How to Make the Soy Marinated Eggs:
What’s needed:

- 6 eggs
- 1 tablespoon white vinegar
- 2 garlic cloves
- 3 slices of ginger
- 1 tablespoon brown sugar
- 1/4 cup soy sauce ( I used dark soy sauce for more depth of flavour and colour)
- 2 tablespoon mirin sauce (optional)
- 1.5 cups water
The How-To:
- Carefully prick the large end of the eggs with a needle or an egg piercer. This will allow the air to escape the shell to give you a smooth, rounded end to your egg.
- Bring plenty of water to boil and add 1 tablespoon white vinegar. This will help make the eggs easier to peel, which is crucial to a perfect ‘aesthetical’ marinated egg. The marinade will cling to any imperfections in the egg otherwise, making them obvious.

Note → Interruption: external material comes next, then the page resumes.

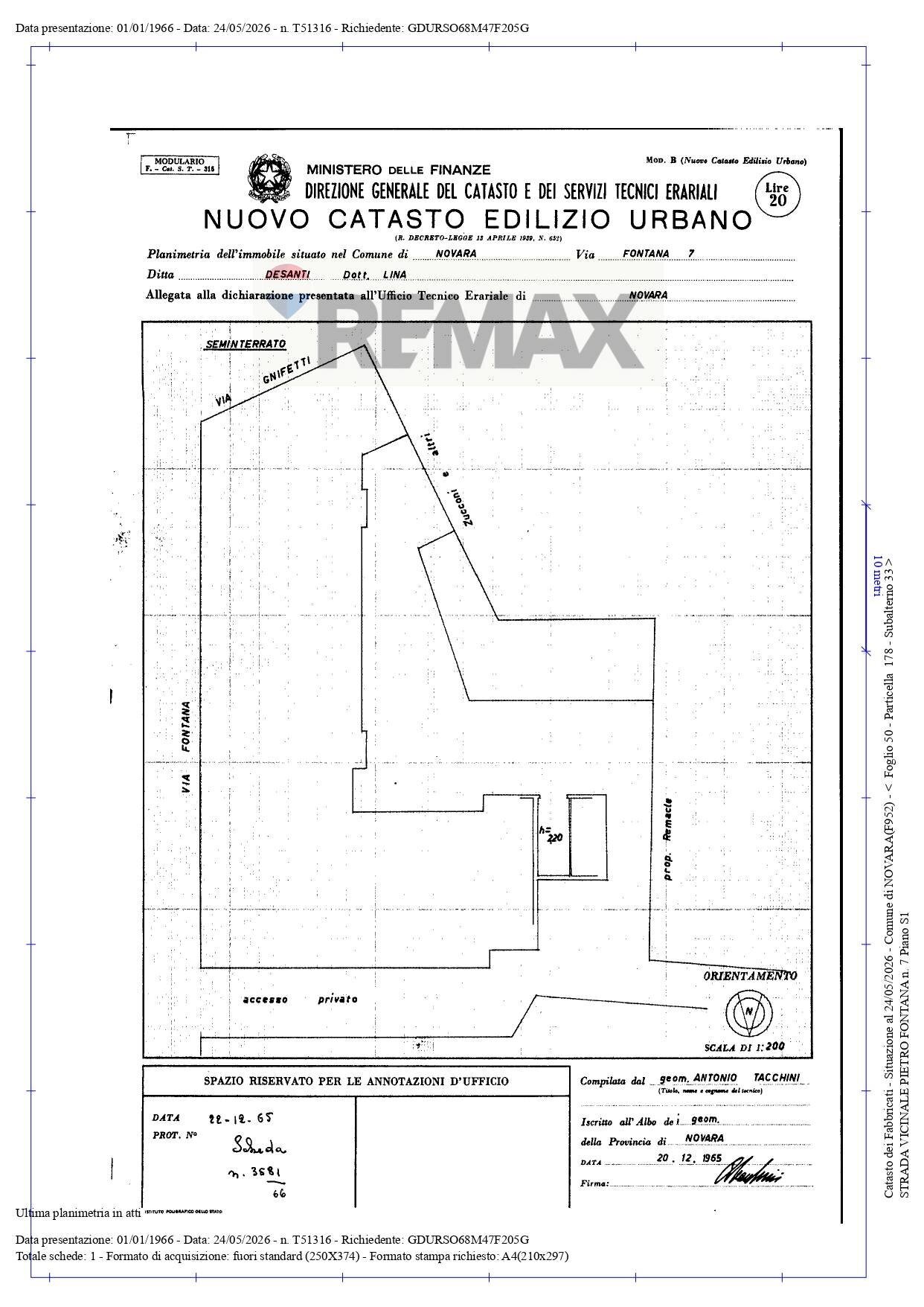 Pianta 2D - Trilocale STRADA FONTANA
 
1, Novara - planimetria 1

- Carefully dip the eggs in the boiling water and boil for exactly 6 minutes. Timing is critical to keep a slightly runny yolk.
Note* I know there are a lot of different methods for boiling eggs. From bringing room-temp water to boil, shutting off the heat when boiling etc. I prefer this method of using boiling water throughout the cooking process as I find it the easiest way to get perfect results whenever timing the eggs.
- As soon as 6 minutes are over, place the eggs in ice water ( an ice bath) for 4-5 minutes. Alternatively, you can run cold water over them for a minute or two ( until the eggs are completely cooled down). This is crucial to stop the cooking process and keep the egg yolk creamy.
To Prepare The Marinade:
- First, slice 3 pieces of ginger and chop or smash the garlic.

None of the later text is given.